Kurtz shook his head. "It may be a long wait and it's going to be cold as a witch's teat in there."

He went into the library, where John Wellington Frears was sitting in an Eames chair, the briefcase open on the ottoman, photographs of dead children reflecting light from the soft halogen spotlight above. Kurtz assumed that Frears's daughter Crystal was one of the corpses on display, but he did not look and he did not ask.

"Can I talk to you a minute?" said Kurtz.

Frears nodded. Kurtz took a seat in a second leather Eames chair across from the violinist.

"I need to talk to you about what's going to happen next with Hansen," said Kurtz, "but first I have a personal question."

"Go ahead, Mr. Kurtz."

"I've seen your files. All of your files. Arlene pulled information off the Net that's usually kept confidential."

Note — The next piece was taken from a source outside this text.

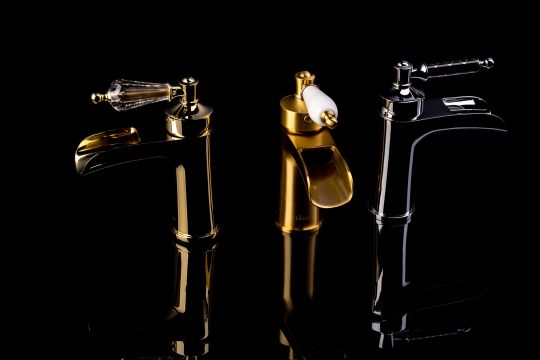 Однорычажный смеситель на горизонтальную поверхность для раковины Boheme Vogue 211 схема 4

"Ah," said Frears, "the cancer. You want to know about the cancer."

"No. I'm curious about the two tours in Vietnam back in nineteen sixty-eight."

Frears blinked at this and then smiled. "Why on earth are you curious about that, Mr. Kurtz? There was a war on. I was a young man. Hundreds of thousands of young men served."

"Hundreds of thousands of guys were drafted. You volunteered for the army, were trained as an engineer, specialized in disarming booby traps over there. Why for Christ's sake?"

Frears was still smiling slightly. "Why did I specialize in that area?"

"No. Why volunteer at all? You'd already gone to Princeton for a couple of years, graduated from Juilliard. You had a high draft number, I checked. You didn't have to go at all. And you volunteered. You risked your life."

"And my hands," said Frears, holding those hands in the beam of light from the halogen spot. "Which were much more important to me than my life in those days."

"Why did you go?"

Frears scratched his short, curly beard. "If I try to explain, Mr. Kurtz, I do so at the real risk of boring you."

"I've got some time."

"All right I entered Princeton with the idea of studying philosophy and ethics. One of my teachers there was Dr. Frederick."

"Pruno."

Frears made a pained face. "Yes. During my junior year at Princeton, Dr. Frederick shared some early research he was doing with a Harvard professor named Lawrence Kohlberg. Have you heard of him?"

"No."

"Most people haven't Professors Kohlberg and Frederick were just beginning their research to test Kohlberg's theory that human beings pass through stages of moral development just as they have to pass through the Piagetian stages of development. Have you heard of Jean Piaget?"

"No."

"It doesn't matter. Piaget had proved that all children pass through various stages of development—being able to cooperate with others, say, which happens for most children around the age of kindergarten—and Lawrence Kohlberg reasoned that people—not just children, but all people—pass through discrete stages of moral development as well. Since Professor Frederick taught both philosophy and ethics, he was very interested in Kohlberg's early research, and that was what our class was about."